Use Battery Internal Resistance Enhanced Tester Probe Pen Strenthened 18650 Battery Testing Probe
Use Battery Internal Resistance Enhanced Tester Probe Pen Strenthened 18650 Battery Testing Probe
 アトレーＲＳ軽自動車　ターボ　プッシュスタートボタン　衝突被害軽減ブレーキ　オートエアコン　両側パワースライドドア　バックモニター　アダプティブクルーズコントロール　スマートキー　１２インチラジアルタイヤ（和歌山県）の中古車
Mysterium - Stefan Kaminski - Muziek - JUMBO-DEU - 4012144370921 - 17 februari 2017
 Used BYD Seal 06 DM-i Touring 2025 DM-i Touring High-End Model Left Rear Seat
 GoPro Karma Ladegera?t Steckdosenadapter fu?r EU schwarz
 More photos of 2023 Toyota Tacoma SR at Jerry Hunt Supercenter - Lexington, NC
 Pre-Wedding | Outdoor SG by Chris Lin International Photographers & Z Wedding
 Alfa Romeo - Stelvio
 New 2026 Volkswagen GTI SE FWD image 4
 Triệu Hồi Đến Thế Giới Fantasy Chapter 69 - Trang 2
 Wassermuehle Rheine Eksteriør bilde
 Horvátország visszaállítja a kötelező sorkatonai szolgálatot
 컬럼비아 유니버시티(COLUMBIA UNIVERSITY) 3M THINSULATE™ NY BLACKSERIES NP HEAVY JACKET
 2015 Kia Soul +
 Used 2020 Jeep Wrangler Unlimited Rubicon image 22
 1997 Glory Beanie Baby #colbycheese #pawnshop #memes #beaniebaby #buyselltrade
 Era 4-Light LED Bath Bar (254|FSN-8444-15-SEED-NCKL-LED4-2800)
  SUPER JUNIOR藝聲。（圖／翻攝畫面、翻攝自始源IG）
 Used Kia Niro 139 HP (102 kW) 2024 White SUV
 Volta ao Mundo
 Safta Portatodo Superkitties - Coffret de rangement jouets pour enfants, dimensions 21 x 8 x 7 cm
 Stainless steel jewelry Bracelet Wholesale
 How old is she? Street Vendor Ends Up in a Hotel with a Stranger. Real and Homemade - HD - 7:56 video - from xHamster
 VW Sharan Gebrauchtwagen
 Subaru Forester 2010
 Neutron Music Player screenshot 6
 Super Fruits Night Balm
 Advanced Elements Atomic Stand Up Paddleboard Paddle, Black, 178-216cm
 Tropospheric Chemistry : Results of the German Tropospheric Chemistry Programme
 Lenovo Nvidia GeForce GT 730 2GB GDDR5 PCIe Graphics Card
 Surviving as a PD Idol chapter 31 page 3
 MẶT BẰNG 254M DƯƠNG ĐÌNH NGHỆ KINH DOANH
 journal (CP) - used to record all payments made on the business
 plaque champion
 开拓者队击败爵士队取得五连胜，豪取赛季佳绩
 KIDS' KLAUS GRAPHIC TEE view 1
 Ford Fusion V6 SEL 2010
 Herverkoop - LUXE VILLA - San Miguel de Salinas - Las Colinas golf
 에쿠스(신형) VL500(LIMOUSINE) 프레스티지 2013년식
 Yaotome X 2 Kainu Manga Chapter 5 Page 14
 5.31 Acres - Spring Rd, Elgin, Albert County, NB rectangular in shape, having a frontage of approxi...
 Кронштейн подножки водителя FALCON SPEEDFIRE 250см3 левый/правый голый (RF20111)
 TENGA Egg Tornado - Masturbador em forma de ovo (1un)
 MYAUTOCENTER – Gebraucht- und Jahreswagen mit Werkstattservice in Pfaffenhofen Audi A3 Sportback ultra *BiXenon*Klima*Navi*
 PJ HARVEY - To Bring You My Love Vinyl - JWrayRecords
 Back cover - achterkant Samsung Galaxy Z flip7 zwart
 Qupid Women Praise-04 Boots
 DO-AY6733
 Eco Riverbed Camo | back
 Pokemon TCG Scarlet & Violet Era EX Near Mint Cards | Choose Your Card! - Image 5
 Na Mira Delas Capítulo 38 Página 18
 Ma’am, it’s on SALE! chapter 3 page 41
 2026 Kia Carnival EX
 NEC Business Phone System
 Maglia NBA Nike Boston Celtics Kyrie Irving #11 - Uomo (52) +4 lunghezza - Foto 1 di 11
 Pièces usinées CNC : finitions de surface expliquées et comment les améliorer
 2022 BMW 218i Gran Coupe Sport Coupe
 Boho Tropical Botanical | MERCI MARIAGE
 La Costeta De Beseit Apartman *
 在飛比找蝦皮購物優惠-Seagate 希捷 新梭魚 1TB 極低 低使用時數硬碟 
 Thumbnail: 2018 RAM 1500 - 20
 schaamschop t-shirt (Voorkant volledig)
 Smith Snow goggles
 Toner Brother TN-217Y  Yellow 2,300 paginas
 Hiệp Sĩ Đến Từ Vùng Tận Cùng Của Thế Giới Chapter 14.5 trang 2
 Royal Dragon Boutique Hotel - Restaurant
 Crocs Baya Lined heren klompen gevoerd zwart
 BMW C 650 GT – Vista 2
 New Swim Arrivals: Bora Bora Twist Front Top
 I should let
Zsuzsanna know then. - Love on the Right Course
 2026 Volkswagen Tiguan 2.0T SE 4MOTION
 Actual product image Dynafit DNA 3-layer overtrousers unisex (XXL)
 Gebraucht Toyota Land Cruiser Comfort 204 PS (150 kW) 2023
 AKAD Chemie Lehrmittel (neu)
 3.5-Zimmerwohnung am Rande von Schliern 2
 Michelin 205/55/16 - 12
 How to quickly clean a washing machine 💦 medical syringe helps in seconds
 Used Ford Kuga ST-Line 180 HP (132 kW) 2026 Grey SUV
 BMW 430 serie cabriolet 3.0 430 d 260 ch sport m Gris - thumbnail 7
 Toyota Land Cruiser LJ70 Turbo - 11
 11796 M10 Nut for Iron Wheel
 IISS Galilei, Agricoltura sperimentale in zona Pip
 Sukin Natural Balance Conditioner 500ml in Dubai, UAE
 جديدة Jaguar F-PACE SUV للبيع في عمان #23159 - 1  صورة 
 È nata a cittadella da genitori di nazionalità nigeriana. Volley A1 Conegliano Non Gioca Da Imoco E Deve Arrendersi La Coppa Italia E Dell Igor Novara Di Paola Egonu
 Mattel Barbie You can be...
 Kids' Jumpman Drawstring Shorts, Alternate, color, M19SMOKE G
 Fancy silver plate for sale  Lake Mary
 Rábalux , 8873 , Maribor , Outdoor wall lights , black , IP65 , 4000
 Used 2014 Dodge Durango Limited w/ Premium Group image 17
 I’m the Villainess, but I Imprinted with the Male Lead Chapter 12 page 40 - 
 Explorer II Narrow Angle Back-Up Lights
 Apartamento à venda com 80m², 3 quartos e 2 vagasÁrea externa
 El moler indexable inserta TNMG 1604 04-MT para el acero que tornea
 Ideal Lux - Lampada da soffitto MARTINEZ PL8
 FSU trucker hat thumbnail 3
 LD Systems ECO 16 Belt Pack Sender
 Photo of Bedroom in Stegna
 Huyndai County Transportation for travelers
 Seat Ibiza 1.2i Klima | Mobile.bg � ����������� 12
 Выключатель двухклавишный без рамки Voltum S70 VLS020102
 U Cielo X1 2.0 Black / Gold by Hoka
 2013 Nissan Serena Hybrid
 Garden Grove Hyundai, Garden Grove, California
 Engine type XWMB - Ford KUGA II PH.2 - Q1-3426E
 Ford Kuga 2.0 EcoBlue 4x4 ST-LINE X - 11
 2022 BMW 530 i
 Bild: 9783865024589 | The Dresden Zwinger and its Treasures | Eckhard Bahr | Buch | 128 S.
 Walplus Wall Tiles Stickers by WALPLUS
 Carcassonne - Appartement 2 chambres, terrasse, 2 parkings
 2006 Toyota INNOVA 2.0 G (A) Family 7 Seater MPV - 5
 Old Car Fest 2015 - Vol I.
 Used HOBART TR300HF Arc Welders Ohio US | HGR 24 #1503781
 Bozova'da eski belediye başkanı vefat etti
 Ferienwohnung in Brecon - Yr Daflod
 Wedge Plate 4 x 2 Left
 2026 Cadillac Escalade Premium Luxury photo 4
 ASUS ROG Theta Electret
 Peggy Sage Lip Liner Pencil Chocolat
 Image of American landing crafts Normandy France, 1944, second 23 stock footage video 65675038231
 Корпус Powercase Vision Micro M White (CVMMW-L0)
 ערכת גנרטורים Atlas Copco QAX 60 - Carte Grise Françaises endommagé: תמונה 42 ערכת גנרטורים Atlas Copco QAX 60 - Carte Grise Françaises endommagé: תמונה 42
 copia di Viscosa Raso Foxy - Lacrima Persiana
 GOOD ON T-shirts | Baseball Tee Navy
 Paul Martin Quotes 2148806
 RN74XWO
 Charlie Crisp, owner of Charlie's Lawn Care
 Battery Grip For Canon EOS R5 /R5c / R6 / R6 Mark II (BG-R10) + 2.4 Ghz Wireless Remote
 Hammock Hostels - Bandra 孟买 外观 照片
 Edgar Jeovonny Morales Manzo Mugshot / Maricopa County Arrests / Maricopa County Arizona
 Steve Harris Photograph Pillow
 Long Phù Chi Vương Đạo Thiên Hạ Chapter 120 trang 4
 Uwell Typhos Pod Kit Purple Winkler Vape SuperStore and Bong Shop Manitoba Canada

= = = = = = =

- _Problem statement_: Retype, exactly and in full, the listing from its first line to the one holding "GoPro Karma Ladegera?t", both included.

- _Solution_:
Use Battery Internal Resistance Enhanced Tester Probe Pen Strenthened 18650 Battery Testing Probe
Use Battery Internal Resistance Enhanced Tester Probe Pen Strenthened 18650 Battery Testing Probe
 アトレーＲＳ軽自動車　ターボ　プッシュスタートボタン　衝突被害軽減ブレーキ　オートエアコン　両側パワースライドドア　バックモニター　アダプティブクルーズコントロール　スマートキー　１２インチラジアルタイヤ（和歌山県）の中古車
Mysterium - Stefan Kaminski - Muziek - JUMBO-DEU - 4012144370921 - 17 februari 2017
 Used BYD Seal 06 DM-i Touring 2025 DM-i Touring High-End Model Left Rear Seat
 GoPro Karma Ladegera?t Steckdosenadapter fu?r EU schwarz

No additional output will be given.